David Katz of the Yale medical school gloats that by entertaining an unending string of conjured and concocted alternative treatments, he has an inexhaustible number of avenues to pursue. Katz’s glowing description to the contrary, this is not a good thing. Quartz crystals, magic wands, and energy-infused vitamin water have no place in an Ivy League medical school, nor any other locale dedicated to health.
Such treatments gives patients false hope and Coday compared trying unproven, unworkable treatments to being in the bargaining stage of grief. “False hope hurts,” she wrote. “I was crushed by putting 50 plus hours into biofeedback that claimed to cure my POTS and getting so little out of it no matter how hard I tried.”
Such an experience can cause some patients to double down and try harder, sinking further into debt and desperation, as they don’t want it to all be a waste of time and money. Coday broke from the cycle, but many persons with chronic conditions are unable to do so.
Despite the lack of evidence of alternative medicine efficacy, those promoting these treatments make the grandest claims. Coday related her experience with this: “All the medications from true doctors only claimed to possibly manage the symptoms. However, alternative medicine practitioners claimed that they could cure my incurable illness or make all the symptoms disappear.”
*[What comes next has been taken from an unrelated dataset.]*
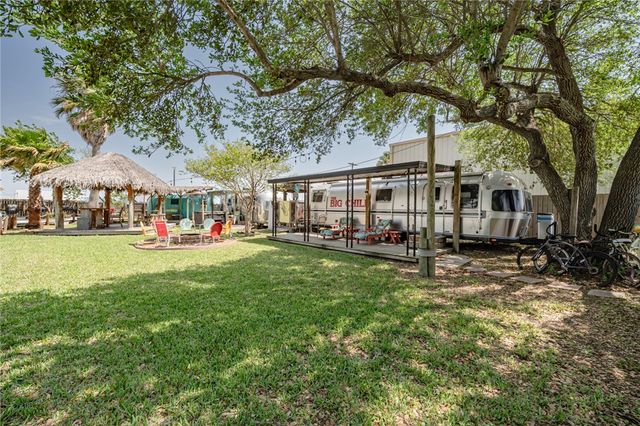 108 N 2nd St, Fulton, TX 78358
This is because alternative medicine techniques and promise do not change based on the evidence of what works. Reiki has been around for 95 years and a session today would be identical to one received the day the Stock Market crashed. That would be fine if it worked, but there is yet to be a clinical trial under controlled conditions that suggest this is the case.
“Cutting out gluten, doing biofeedback nonstop, becoming vegan, yoga, walking, crystals, needles, etc. is not going to make an incurable illness curable,” Coday wrote. “Getting suggestions that indicate a fundamental misunderstanding of my incurable condition is frustrating and disheartening.”
Another problem afflicting the chronically ill is support groups. While laudable in intent, they can exacerbate the situation, as they are filled with anecdotes, wildly speculative treatments, and the dreaded exhortation that the patient put more into fixing what’s wrong with them.
All this illustrates why alternative medicine has been the surprise winner as my most frequent topic. Persons who spend time chasing alien crafts, Bigfoot, and poltergeists mostly harm only themselves and maybe make our society a little dumber. By contrast, alt-med charlatans hurt others and that damage can be significant.